WHAT IS REQUIRED. Set down only the lines from the one containing "2 Schlafzimmer, Bügeleisen/Bügelbrett, WLAN, Bettwäsche" through the final line of the entries below, exactly as they stand, with no pictures.

Dataset items:
....

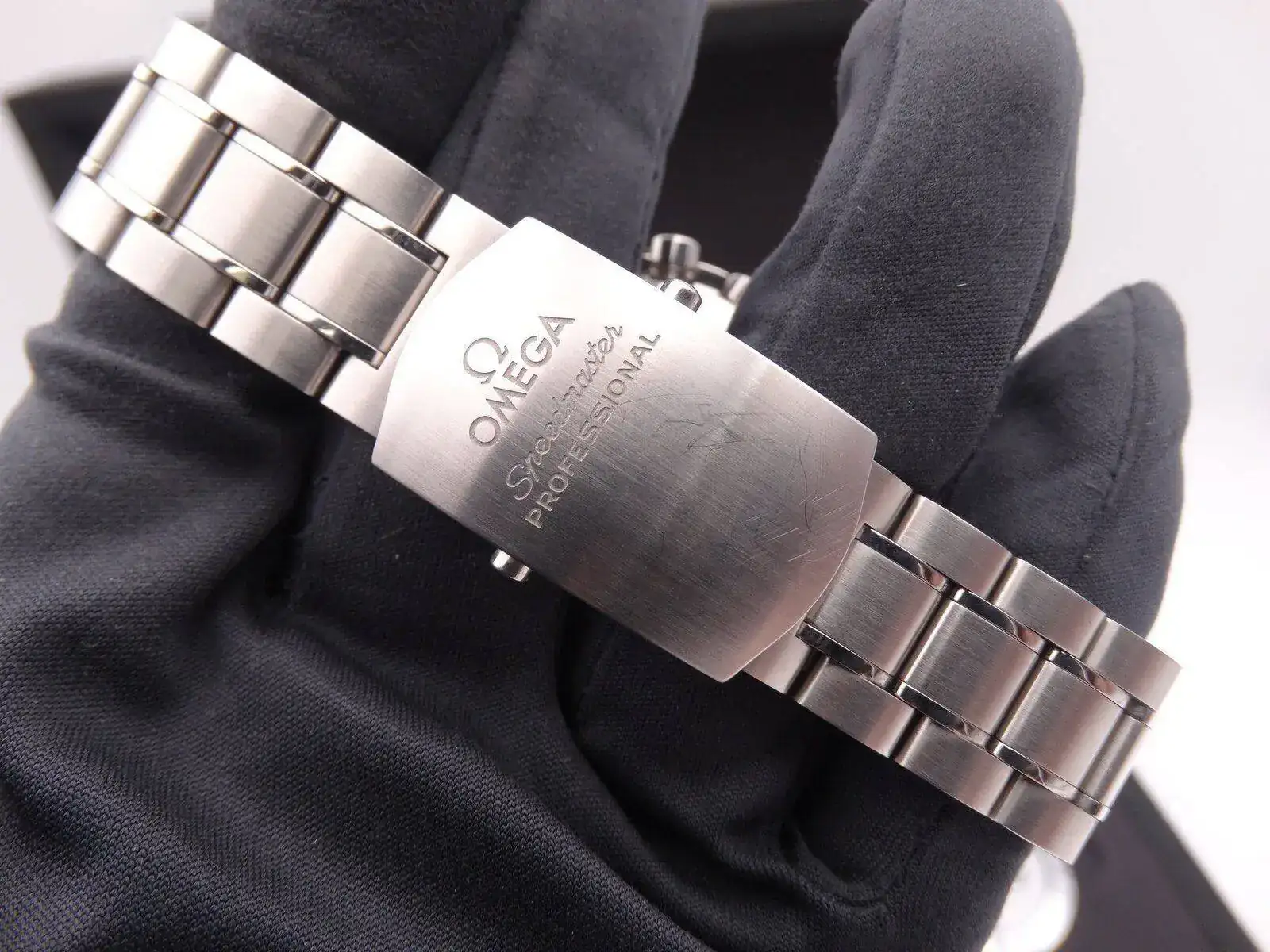 Omega Speedmaster Professional Moonwatch Plexi 07020.webp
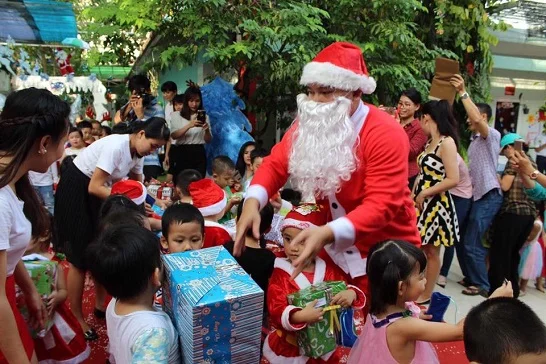 Vào dịp Giáng Sinh, các con rất háo hức được nhận quà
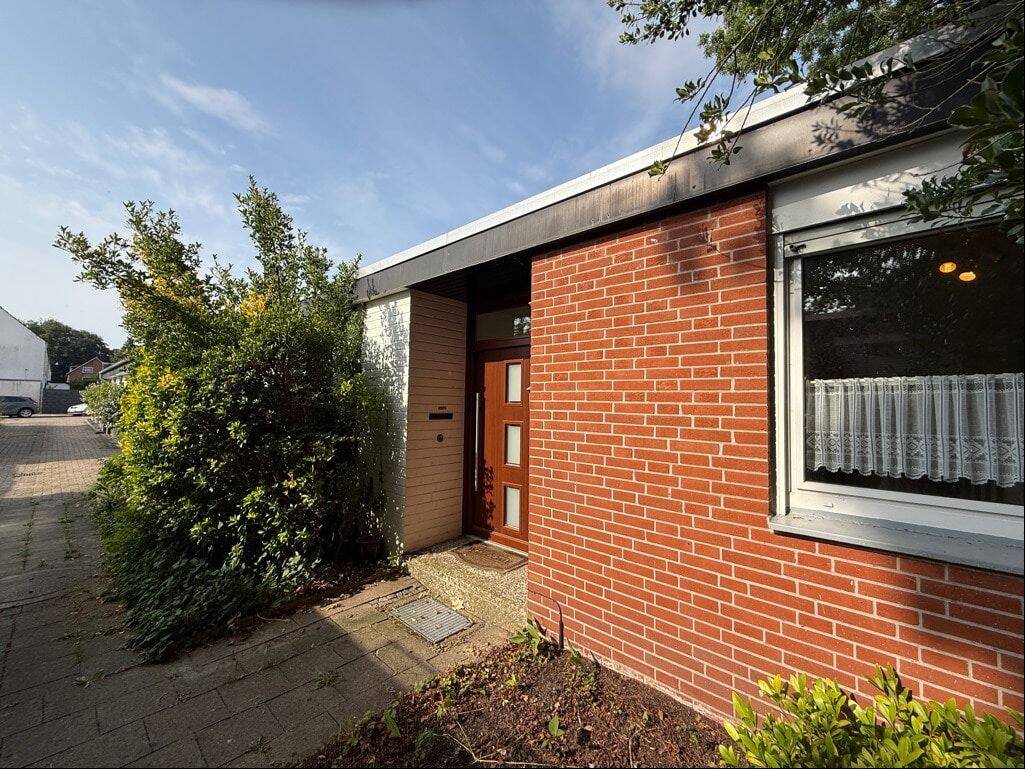 **Charmanter Reihenbungalow mit großzügigem Außenbereich**, 27753 Delmenhorst (Bungerhof Deichhorst Dwoberg/Ströhen Mitte)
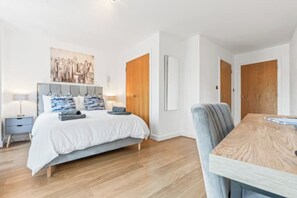 2 Schlafzimmer, Bügeleisen/Bügelbrett, WLAN, Bettwäsche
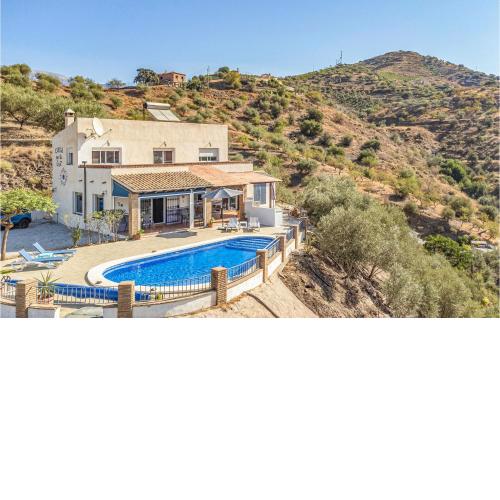 Amazing Home In Arenas With Wifi, Swimming Pool And 4 Bedrooms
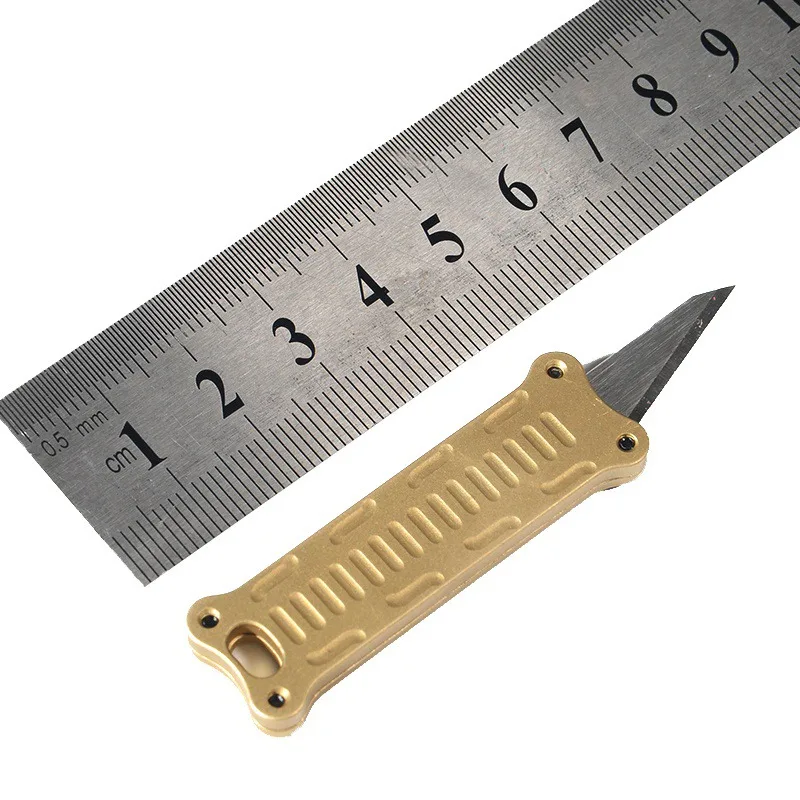 EDC Multipurpose Pocket Cutter Keychain Multifunctional Multi Tool Camping Outdoor Pare Peeler Portable Metal Cutlery Survival T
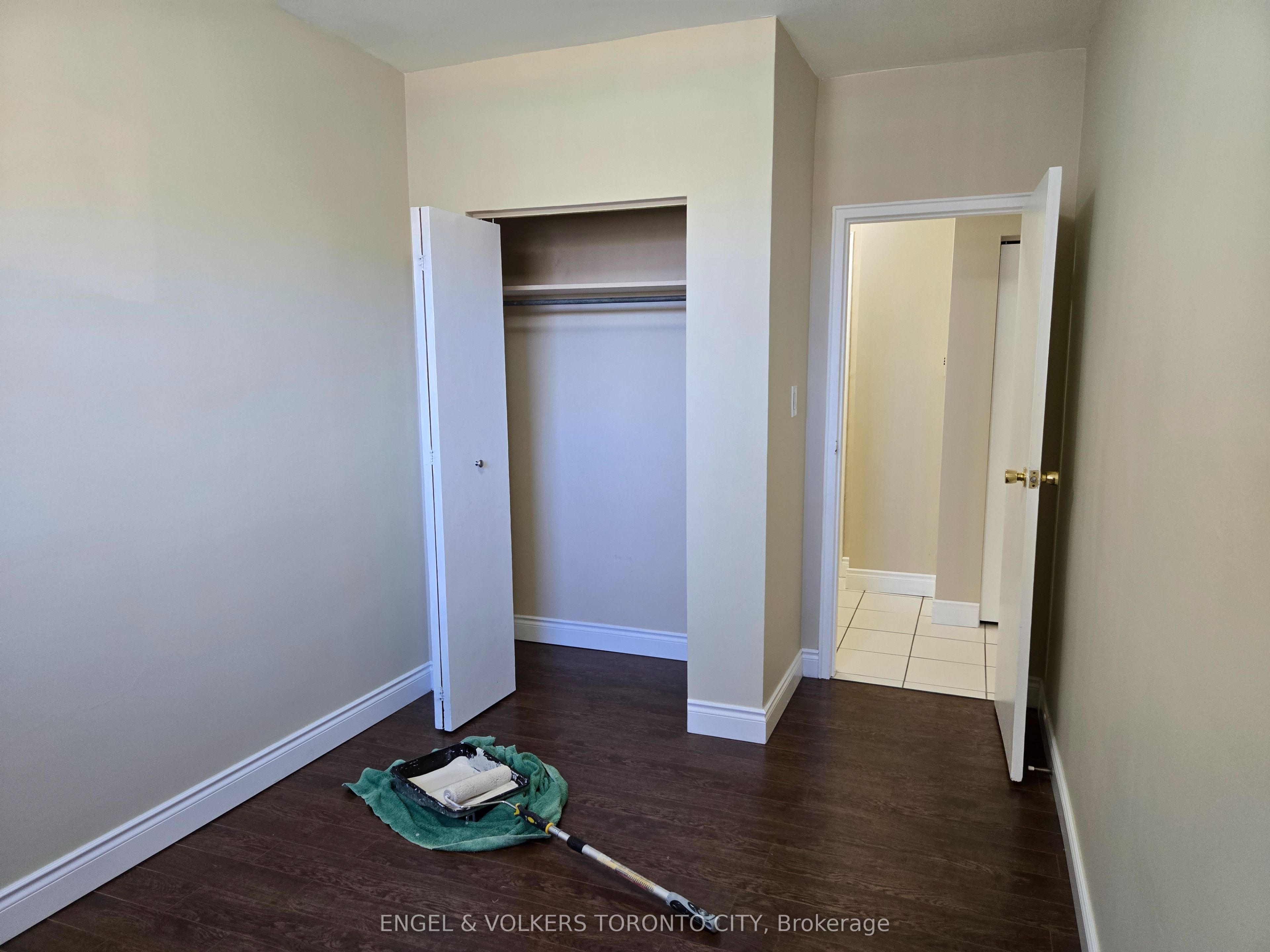 416 E 42nd Street 207 Property Photo 8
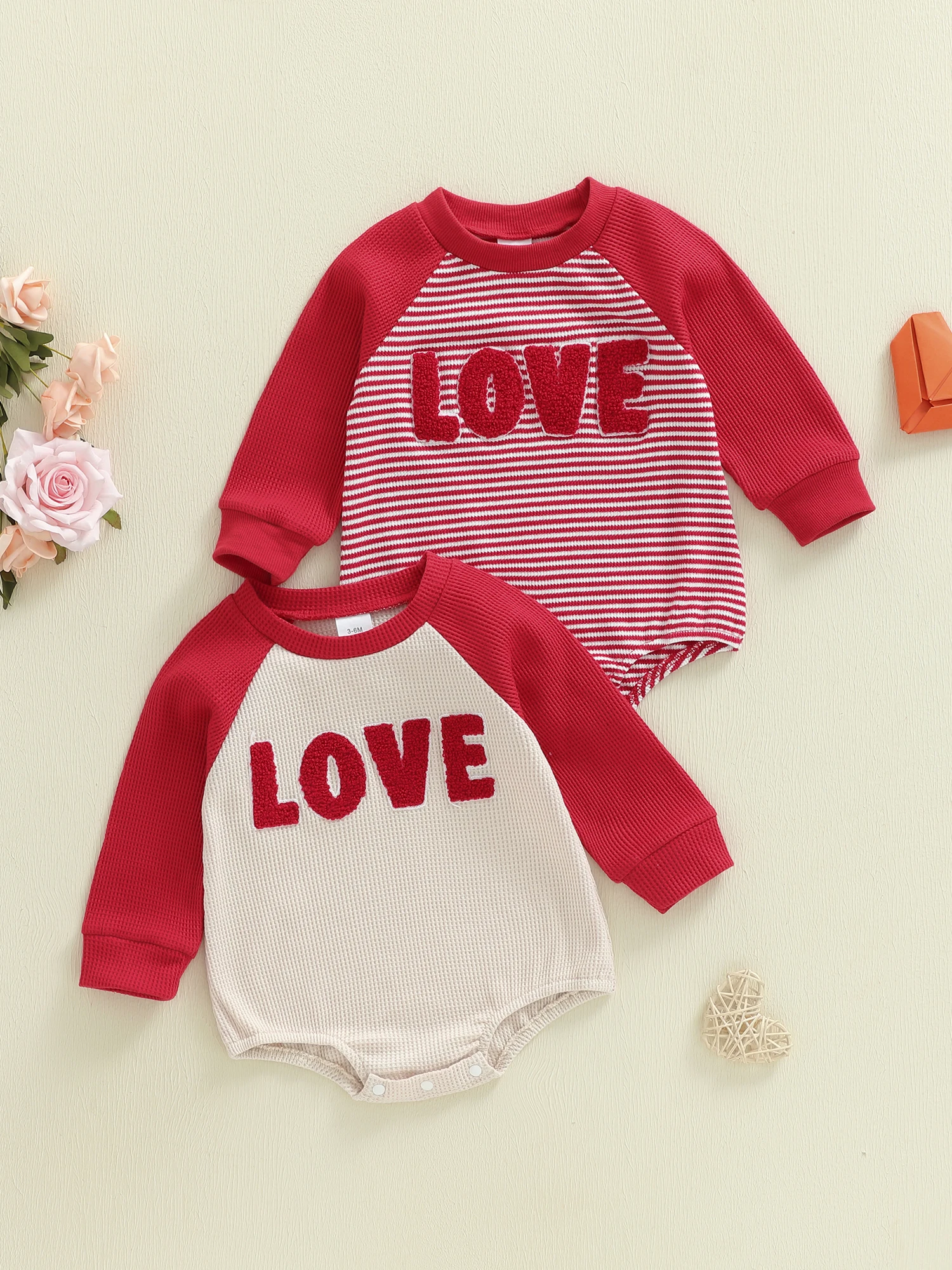 

Детский комбинезон на День святого Валентина с вышивкой букв в полоску и длинными рукавами, круглым вырезом и пузырьками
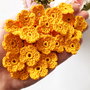 Lot floricele crosetate manual. Aplicatii crosetate. Floricele galbene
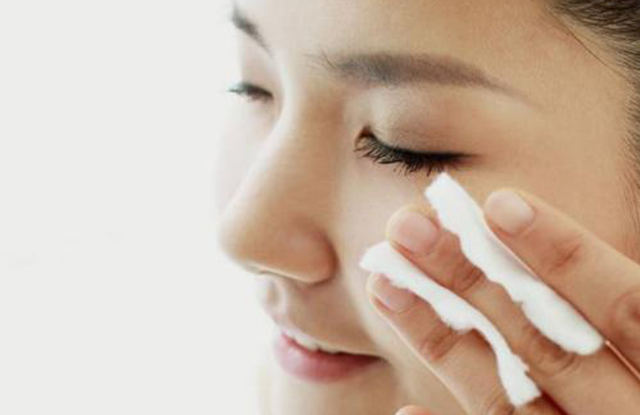 如何正确使用卸妆产品其实大有讲究 如何正确使用卸妆产品其实大有讲究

....

RESULT OF THE EXERCISE.
 2 Schlafzimmer, Bügeleisen/Bügelbrett, WLAN, Bettwäsche
 Amazing Home In Arenas With Wifi, Swimming Pool And 4 Bedrooms
 EDC Multipurpose Pocket Cutter Keychain Multifunctional Multi Tool Camping Outdoor Pare Peeler Portable Metal Cutlery Survival T
 416 E 42nd Street 207 Property Photo 8

Детский комбинезон на День святого Валентина с вышивкой букв в полоску и длинными рукавами, круглым вырезом и пузырьками
 Lot floricele crosetate manual. Aplicatii crosetate. Floricele galbene
 如何正确使用卸妆产品其实大有讲究 如何正确使用卸妆产品其实大有讲究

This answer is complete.